▶ WORK TO BE COMPLETED: This task calls for the lines below starting at the one containing "Half-vrijstaande woning in Bagnone" and ending at the one containing "Used 2022 Cadillac", repeated exactly with both ends kept and pictures left out.

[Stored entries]
* * * * *

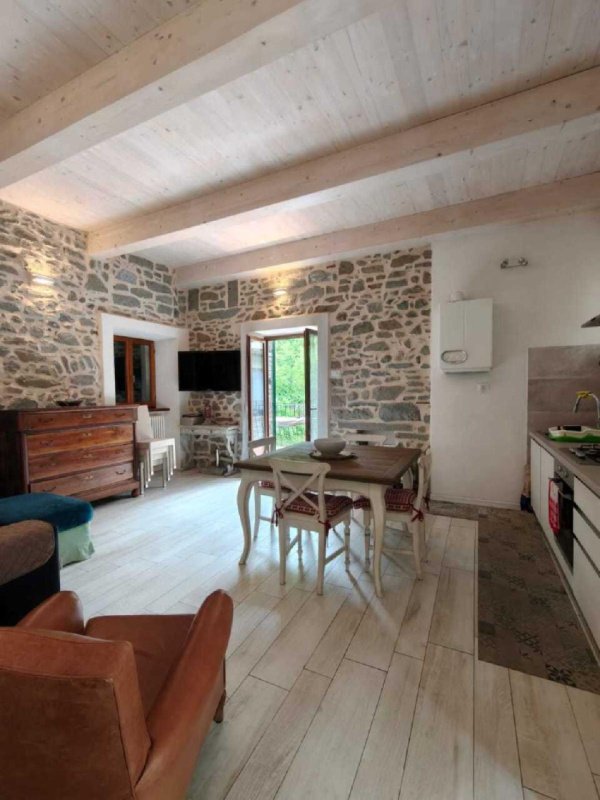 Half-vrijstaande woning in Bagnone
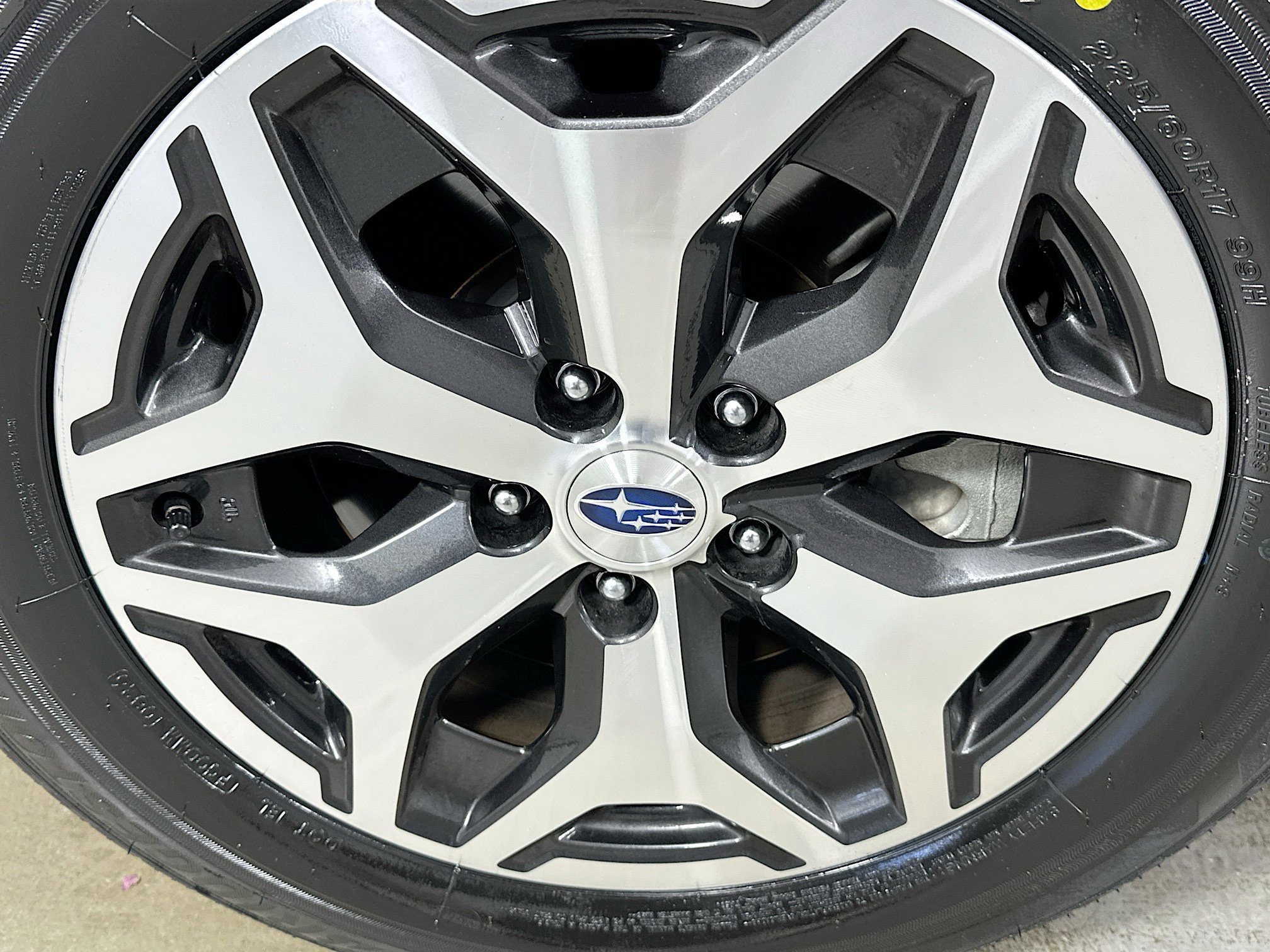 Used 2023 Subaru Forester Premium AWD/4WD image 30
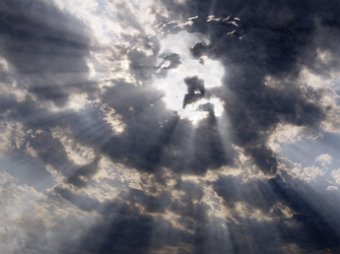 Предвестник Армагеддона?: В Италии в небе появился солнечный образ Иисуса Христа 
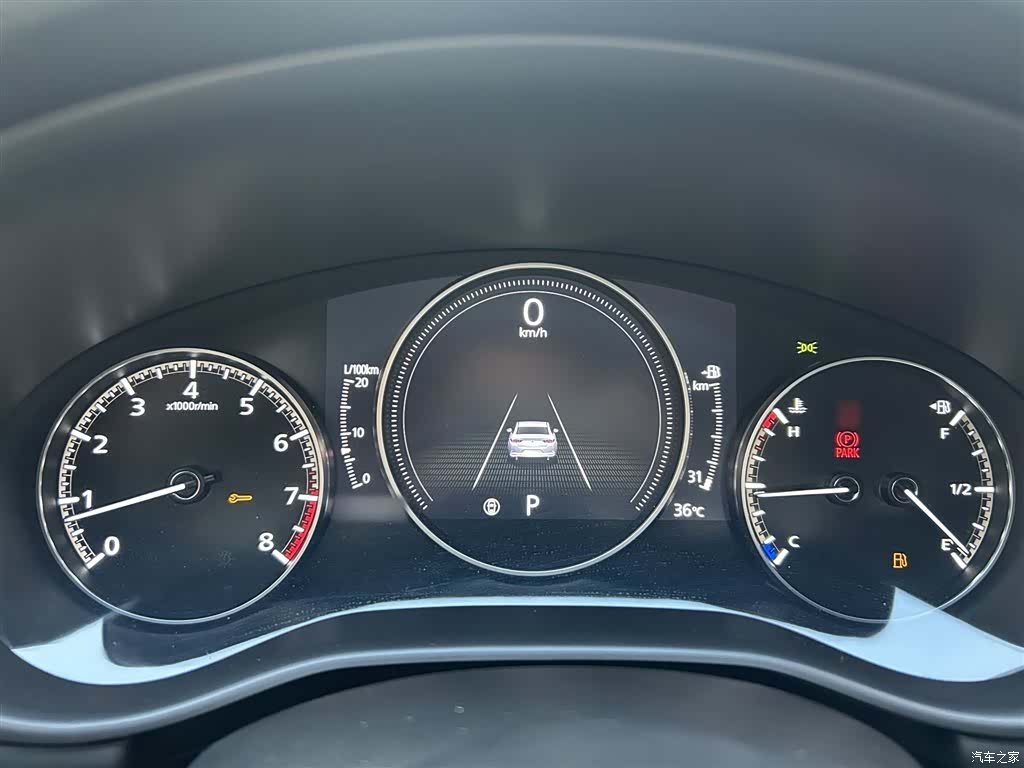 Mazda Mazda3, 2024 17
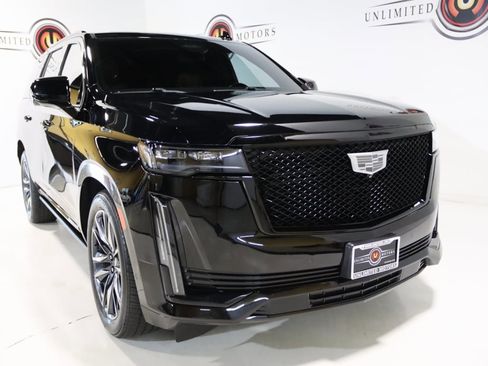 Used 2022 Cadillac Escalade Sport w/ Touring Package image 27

* * * * *

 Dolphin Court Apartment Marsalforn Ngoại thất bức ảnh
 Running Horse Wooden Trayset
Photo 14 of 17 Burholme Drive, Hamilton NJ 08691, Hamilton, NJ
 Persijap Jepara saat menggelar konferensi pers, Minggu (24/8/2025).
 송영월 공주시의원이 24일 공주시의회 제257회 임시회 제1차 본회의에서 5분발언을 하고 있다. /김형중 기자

* * * * *

▶ ANSWER TO THE EXERCISE:
 Half-vrijstaande woning in Bagnone
 Used 2023 Subaru Forester Premium AWD/4WD image 30
 Предвестник Армагеддона?: В Италии в небе появился солнечный образ Иисуса Христа 
 Mazda Mazda3, 2024 17
 Used 2022 Cadillac Escalade Sport w/ Touring Package image 27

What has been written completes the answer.